Espiritualidade, Amor a Deus, política e os pobres de Pedro
Nós Missionários Combonianos no Brasil sentimos que a esperança de Pedro Casaldáliga é também a nossa: “Só vivendo a noite escura dos pobres é possível viver o dia de Deus. As estrelas só se vêem à noite!” Com ele rezamos: “Vento… que é a alma do Reino, Vem!”
1. Dom Pedro, Presente!
Dom Pedro Casaldaliga, bispo emérito de Xingú do Araguaia, no estado brasileiro de Mato Grosso, morreu aos 92 anos após uma longa enfermidade. De origem espanhola e membro da Congregação dos Missionários Claretianos, foi um verdadeiro discípulo/missionário de Jesus e um dos mais teimosos defensores dos direitos humanos, especialmente dos povos indígenas e camponeses sem terra.

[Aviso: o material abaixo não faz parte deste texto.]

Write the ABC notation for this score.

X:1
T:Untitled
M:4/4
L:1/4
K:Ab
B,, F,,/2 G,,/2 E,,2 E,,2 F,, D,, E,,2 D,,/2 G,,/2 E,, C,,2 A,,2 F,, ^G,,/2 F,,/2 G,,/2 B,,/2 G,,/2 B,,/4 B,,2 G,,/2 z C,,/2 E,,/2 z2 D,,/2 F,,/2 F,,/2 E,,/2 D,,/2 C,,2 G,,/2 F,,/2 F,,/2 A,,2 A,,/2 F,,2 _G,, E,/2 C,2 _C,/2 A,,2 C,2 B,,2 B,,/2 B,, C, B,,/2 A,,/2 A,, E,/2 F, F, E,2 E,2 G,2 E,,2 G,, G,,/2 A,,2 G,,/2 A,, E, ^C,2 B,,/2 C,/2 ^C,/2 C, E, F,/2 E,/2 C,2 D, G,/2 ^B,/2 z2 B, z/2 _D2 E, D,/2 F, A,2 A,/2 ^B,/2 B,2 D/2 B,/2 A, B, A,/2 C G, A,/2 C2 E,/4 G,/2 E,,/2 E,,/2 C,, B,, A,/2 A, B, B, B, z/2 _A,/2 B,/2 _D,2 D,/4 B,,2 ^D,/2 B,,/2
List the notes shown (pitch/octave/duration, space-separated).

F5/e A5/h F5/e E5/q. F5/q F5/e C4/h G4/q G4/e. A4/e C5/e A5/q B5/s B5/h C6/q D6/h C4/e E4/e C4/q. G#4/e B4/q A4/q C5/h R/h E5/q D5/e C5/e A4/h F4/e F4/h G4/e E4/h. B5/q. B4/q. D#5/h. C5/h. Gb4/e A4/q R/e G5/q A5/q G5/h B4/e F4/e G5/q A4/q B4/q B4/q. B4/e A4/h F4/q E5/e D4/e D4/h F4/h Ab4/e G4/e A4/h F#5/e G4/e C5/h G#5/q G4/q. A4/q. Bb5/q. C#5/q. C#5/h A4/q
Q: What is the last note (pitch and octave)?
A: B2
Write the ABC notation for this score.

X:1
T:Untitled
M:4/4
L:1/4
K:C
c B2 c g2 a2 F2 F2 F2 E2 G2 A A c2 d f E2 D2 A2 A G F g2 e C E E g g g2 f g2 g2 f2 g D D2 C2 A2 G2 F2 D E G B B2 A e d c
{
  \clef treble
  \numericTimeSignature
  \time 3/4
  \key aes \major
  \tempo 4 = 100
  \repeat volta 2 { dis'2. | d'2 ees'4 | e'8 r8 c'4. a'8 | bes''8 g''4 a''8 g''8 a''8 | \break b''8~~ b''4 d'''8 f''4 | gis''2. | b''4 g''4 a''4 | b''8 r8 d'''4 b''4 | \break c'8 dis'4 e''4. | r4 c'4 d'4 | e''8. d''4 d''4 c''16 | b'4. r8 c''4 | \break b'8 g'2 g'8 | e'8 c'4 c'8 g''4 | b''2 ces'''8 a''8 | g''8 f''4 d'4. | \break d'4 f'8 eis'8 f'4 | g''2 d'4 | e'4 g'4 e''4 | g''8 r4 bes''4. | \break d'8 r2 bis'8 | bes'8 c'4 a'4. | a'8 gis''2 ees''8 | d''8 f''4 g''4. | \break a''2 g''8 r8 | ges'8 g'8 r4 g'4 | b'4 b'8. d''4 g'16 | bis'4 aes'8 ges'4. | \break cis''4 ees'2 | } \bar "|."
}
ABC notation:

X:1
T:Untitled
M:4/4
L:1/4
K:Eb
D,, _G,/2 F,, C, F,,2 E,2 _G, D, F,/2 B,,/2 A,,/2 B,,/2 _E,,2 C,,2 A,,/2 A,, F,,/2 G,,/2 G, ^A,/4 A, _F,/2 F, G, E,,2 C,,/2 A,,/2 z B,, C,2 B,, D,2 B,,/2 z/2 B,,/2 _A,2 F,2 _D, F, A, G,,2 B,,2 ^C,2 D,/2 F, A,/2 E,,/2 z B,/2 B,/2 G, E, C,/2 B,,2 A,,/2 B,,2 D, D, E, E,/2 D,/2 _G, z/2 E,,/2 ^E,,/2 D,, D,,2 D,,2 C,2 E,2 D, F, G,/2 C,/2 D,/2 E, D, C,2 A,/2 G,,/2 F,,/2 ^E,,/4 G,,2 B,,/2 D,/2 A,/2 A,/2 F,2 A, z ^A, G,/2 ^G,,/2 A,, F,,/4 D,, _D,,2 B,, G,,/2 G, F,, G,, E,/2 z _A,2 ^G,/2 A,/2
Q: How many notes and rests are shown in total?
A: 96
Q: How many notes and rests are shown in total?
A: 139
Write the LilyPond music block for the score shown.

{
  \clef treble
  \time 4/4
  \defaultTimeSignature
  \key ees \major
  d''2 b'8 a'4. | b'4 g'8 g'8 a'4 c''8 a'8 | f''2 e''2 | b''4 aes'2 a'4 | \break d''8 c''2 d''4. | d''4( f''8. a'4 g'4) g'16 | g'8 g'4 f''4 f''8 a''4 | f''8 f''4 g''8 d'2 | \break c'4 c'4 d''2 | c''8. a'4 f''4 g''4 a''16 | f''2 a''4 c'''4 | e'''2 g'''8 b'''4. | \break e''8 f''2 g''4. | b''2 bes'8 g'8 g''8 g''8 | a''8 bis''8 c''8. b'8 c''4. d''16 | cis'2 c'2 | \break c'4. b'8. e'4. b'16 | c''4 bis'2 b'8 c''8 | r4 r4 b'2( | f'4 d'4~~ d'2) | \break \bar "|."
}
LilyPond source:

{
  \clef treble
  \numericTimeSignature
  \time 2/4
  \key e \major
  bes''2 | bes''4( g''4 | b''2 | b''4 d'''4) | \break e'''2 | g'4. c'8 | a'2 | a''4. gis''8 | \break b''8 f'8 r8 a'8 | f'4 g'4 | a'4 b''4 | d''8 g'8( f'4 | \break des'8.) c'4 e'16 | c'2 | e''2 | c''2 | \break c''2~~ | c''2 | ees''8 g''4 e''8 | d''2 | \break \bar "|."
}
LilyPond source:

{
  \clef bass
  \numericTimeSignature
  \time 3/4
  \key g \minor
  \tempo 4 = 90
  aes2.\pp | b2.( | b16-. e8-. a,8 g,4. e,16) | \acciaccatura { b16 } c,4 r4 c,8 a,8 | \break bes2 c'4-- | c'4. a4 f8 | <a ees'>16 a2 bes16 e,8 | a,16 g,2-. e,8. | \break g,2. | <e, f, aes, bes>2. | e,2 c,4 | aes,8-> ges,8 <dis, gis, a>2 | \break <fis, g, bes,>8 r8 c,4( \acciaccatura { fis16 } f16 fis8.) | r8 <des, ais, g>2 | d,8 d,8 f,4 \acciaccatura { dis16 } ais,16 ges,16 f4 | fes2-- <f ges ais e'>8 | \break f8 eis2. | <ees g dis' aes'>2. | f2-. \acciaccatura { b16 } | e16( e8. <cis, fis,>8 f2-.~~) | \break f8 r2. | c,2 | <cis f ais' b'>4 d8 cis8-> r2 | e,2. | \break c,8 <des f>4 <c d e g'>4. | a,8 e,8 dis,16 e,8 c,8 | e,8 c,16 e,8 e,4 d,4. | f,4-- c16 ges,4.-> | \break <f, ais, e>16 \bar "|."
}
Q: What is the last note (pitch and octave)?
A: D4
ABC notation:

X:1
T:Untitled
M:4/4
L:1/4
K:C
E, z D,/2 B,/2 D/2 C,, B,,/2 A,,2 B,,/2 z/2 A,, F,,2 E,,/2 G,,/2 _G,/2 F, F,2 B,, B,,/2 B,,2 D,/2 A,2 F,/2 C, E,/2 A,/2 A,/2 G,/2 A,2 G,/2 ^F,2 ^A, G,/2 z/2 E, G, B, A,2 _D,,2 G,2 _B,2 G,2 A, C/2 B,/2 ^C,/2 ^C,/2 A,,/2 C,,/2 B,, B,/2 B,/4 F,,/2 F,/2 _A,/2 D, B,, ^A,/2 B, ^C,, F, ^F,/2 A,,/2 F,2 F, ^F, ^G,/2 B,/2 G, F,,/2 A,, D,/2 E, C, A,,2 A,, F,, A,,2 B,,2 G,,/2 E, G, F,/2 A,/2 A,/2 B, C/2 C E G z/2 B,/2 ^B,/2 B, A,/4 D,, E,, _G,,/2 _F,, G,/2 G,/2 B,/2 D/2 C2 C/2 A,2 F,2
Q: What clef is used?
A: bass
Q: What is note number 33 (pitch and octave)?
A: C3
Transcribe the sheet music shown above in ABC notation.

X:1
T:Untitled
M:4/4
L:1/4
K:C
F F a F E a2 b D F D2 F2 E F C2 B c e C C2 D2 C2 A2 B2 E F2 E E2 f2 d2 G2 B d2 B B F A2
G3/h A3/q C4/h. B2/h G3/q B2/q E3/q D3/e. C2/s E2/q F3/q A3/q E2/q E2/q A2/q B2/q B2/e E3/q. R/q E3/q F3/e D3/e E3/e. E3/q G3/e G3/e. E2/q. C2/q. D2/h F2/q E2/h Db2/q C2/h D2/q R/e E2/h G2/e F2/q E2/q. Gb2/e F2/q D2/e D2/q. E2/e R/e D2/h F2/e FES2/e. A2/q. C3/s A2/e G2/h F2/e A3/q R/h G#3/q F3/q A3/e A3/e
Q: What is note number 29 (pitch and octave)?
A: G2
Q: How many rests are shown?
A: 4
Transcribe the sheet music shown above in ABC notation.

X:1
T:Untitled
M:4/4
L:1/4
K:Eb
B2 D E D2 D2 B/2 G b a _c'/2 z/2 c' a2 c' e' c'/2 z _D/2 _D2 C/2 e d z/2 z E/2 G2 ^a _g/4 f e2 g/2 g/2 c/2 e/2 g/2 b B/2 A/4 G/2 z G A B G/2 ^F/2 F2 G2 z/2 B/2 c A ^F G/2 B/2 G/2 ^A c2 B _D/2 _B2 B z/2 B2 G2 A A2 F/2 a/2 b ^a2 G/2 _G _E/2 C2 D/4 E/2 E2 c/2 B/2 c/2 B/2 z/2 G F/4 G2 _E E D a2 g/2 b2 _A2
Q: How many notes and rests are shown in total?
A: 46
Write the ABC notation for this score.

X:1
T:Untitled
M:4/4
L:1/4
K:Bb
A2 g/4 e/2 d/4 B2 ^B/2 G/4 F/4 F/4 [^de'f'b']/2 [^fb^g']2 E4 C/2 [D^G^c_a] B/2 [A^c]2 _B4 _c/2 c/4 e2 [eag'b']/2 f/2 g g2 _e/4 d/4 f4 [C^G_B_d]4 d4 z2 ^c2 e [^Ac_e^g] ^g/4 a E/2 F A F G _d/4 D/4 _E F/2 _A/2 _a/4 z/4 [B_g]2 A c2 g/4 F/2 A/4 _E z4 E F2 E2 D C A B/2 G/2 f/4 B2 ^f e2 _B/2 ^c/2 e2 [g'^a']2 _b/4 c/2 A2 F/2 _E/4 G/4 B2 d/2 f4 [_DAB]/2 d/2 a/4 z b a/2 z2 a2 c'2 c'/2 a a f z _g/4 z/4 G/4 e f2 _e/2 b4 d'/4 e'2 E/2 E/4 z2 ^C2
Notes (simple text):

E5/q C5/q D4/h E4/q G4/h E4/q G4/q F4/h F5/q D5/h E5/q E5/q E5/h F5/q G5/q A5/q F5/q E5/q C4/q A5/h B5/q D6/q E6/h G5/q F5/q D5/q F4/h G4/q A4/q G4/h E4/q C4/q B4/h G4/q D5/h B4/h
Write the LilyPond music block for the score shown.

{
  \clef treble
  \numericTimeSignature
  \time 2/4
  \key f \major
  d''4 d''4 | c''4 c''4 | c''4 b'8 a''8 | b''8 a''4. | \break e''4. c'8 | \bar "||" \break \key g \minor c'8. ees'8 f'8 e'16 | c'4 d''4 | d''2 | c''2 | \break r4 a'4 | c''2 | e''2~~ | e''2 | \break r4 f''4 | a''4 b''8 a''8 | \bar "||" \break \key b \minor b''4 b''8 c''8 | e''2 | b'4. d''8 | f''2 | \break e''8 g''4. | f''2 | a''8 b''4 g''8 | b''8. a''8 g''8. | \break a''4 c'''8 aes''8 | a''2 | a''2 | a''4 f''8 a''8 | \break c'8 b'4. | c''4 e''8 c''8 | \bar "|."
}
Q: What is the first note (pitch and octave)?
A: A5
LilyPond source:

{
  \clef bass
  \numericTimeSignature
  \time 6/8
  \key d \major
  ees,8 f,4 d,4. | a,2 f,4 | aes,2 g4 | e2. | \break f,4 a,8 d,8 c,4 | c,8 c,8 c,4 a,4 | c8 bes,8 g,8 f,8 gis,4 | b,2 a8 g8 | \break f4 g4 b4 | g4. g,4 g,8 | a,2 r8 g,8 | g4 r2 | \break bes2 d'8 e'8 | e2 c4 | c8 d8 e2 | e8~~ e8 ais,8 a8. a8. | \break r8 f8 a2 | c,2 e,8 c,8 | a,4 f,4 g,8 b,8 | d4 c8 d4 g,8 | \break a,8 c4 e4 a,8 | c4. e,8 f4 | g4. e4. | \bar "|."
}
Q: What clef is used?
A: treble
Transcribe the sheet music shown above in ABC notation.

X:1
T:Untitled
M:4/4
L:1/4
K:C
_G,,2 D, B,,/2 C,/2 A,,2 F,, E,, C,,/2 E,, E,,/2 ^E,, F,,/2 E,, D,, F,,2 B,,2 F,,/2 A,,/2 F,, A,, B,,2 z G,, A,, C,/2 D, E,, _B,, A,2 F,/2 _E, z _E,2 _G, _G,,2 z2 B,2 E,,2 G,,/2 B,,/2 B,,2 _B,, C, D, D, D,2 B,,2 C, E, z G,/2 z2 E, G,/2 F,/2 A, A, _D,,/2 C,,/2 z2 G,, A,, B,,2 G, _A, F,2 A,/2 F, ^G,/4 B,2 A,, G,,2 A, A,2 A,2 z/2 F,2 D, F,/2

Na época da ditadura militar, foi ameaçado de expulsão pelo governo militar, mas São Paulo VI o nomeou bispo de uma das dioceses mais pobres do país. Ele escolheu viver pobre entre os pobres. Ele renunciou à tradicional insígnia episcopal, adotou como mitra o chapéu de palha típico dos povos nativos. O lema dele era: «Não possua nada, não carregue nada, nunca peça nada, não se cale e, na dúvida, escolha sempre o lado dos mais pobres».
Ameaçado de morte muitas vezes, viveu um dos momentos mais difíceis da sua vida em 1976 quando, na companhia do padre jesuíta João Bosco Brunier, se dirigiu à delegacia de polícia da cidade, em defesa de duas mulheres submetidas a torturas. Durante a discussão, um dos policiais sacou da arma e matou o padre pensando que ele era o bispo. Aquele momento trágico não intimidou Dom Pedro, que foi em frente na sua corajosa missão em defesa dos direitos dos mais pobres, sempre movido pela paixão pelo Evangelho de Jesus de Nazaré.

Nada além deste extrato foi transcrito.